This summer, four high school students from Trinity Valley School interned at BRIT through our Junior Volunteer/Intern program. These students were given the task of applying their computer science background to the challenge of helping BRIT create a quick and easy way to determine the fullness of our herbarium cabinets. By better understanding the details of the capacity of the cabinets, BRIT will be able to strategically plan for future growth and management of the herbarium collections.
L to R: Ashia White, Kevin James, Jason Best, and Jacob Haydel
I worked with students Grace Beasley, Jacob Haydel, Kevin James, and Ashia White to explore the process of using computer vision technology to analyze images of the open cabinets. We set out to extract details of each cabinet’s structure and the height of each stack of specimens within the cubbies of the cabinet to determine how much space is available for use in the cabinets. The students also created a powerful graphical interface for visualizing the cabinet data once they are generated.
The students already had experience with Processing, a software platform which facilitates the creation of software with rich and dynamic user interfaces, so we chose this as our primary tool for the project. Fortunately, Processing also has a number of additional modules which helped the team manipulate and analyze the images. In particular we used two modules that are focused on computer vision technology: OpenCV and BoofCV.
The popular app FaceSwap involves similar technologies as those being used for this project. Photo credit: John Woods (Woodsie TV @ YouTube)
Computer vision technologies are used for many applications ranging from self-driving cars, to robotics, to entertainment, and much more. For our particular challenge, we used computer vision techniques to analyze the images of open cabinets to first find the boundaries of the cabinets and the cubbies, then to identify and measure the spaces that were filled with specimens. The computer vision modules provided all the tools we needed to do this, but we still had to experiment a lot to find the right combination of tools and methods to get consistent and accurate results. We haven’t yet found the perfect formula, but we are very close to a solution that we hope to start using soon.
To perform a full herbarium capacity analysis, we’ll need to capture an image of every cabinet in the herbarium (something we hope to recruit our loyal volunteers to help with), then process them with our computer vision solution. In the end, we’ll have a dataset with a record for each cubby and the percentage fullness of that cubby, as well as a total fullness percentage of each cabinet. With those data, we’ll have a much better idea of how much room we have to grow and how to strategically organize our collection to more easily adopt orphaned collections. To better understand this huge amount of data, the team also created a graphical interface that helps visualize the data in a more intuitive format. In particular, we created a herbarium “heat-map” using Processing which can read all the capacity data and superimpose color-coded cabinets on a herbarium map (pictured below). The interface also lets you click on a cabinet and see the details of each cubby and eventually we’ll combine this with the herbarium inventory data to let you see what species are in the cabinet.
A heat-map of the BRIT herbarium showing cabinet fullness. This was created in Processing and uses simulated data, but the interface itself is fully functional.
The project still has a ways to go before we have a final, polished tool ready for use by the herbarium, but several of the students are eager to continue their efforts beyond the end of their summer break. Below, Jacob and Kevin share their summer experiences.
Going into this project for BRIT, I didn’t really know what to expect. I hadn’t really done any work with computer vision, but I was eager to get started. The main thing I have learned from the project is that programing as a team is very different from working on an individual project. When working as a team you have to make sure everyone is on the same page and agrees on the direction the project should go. I also learned a lot about the problems that face BRIT in the digitization process. Taking a written format and converting it to a digital one can be a very tedious process; however there are huge benefits to digitization.
Working on the program, at first we had a really simple goal, to figure out how full the cabinets were. As we progressed we slowly started adding other goals to our original goal and expanded our idea of what this program could do. Despite this we were able to incorporate most of the ideas we came up with, and I think when the final program is done it will be much better than we initially imagined. I have really enjoyed working on what I would consider my first real world project in programing. It has definitely solidified my desire to pursue computer science as a career.

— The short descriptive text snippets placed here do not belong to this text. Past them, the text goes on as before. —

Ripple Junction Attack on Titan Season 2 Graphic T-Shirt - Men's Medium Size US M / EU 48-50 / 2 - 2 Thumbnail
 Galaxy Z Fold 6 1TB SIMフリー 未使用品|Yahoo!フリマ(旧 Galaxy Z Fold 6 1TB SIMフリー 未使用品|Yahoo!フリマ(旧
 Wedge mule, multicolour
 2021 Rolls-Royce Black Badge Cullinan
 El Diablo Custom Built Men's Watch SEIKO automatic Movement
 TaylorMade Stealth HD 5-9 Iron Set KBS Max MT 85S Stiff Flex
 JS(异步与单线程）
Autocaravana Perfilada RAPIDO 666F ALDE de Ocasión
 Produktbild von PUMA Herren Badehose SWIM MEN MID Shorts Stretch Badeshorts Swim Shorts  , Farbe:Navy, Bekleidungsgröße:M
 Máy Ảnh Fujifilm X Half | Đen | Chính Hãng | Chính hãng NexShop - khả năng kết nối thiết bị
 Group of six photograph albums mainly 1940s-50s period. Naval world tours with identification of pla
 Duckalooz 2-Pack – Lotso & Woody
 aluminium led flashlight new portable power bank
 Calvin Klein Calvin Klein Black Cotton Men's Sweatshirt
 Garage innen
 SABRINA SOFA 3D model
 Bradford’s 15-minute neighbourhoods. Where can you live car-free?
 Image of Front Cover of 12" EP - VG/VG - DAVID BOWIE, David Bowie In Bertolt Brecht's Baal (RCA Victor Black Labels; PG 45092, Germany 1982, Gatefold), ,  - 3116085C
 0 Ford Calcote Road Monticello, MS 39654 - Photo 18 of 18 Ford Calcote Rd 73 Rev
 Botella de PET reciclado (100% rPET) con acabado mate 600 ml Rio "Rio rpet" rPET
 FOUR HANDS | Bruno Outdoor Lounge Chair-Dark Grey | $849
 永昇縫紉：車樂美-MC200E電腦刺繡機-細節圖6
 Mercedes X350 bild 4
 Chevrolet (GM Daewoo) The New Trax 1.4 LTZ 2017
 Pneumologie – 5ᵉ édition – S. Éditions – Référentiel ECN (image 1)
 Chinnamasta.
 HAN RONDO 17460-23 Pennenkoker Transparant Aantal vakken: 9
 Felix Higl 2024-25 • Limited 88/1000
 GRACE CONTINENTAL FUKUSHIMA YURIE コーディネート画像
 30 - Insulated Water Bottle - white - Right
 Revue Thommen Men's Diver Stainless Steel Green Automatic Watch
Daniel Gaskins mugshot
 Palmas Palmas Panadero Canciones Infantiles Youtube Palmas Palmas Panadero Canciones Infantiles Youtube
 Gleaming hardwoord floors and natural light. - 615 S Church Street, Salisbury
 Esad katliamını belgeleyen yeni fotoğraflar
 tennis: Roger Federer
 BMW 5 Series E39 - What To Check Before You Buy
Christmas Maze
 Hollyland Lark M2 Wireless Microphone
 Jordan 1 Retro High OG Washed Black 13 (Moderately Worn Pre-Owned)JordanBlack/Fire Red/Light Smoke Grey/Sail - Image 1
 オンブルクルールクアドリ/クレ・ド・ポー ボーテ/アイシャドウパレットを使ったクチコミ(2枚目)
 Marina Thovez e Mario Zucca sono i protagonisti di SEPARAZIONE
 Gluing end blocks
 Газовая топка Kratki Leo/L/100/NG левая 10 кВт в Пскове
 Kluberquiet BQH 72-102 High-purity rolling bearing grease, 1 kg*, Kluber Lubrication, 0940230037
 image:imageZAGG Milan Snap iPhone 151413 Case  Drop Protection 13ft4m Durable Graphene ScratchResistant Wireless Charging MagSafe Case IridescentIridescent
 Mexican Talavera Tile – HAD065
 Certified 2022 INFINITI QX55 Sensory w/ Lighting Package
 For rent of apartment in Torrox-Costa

Going into this project, I wasn’t too sure how we were going to approach a project on such a large scale as this one. To begin, we learned the basics of computer vision and data visualization. Over the summer, we mainly worked on the data visualization aspect of the project, using fake data to test our program. We now have a heat map of the BRIT Herbarium, as well as a program that lets us view the fullness of individual cabinets. We hope to continue to expand this program, and we also hope to find a reliable method to obtain accurate data from the herbarium.
Our group faced the challenges that come with working on such large code as a team. This included changing specific parts of the code without unintentionally altering the entire program. We eventually learned how to work together more efficiently, and we managed to make a working program to display our herbarium data. This project was a very rewarding experience for me because I got an opportunity to use my computer skills in the real world.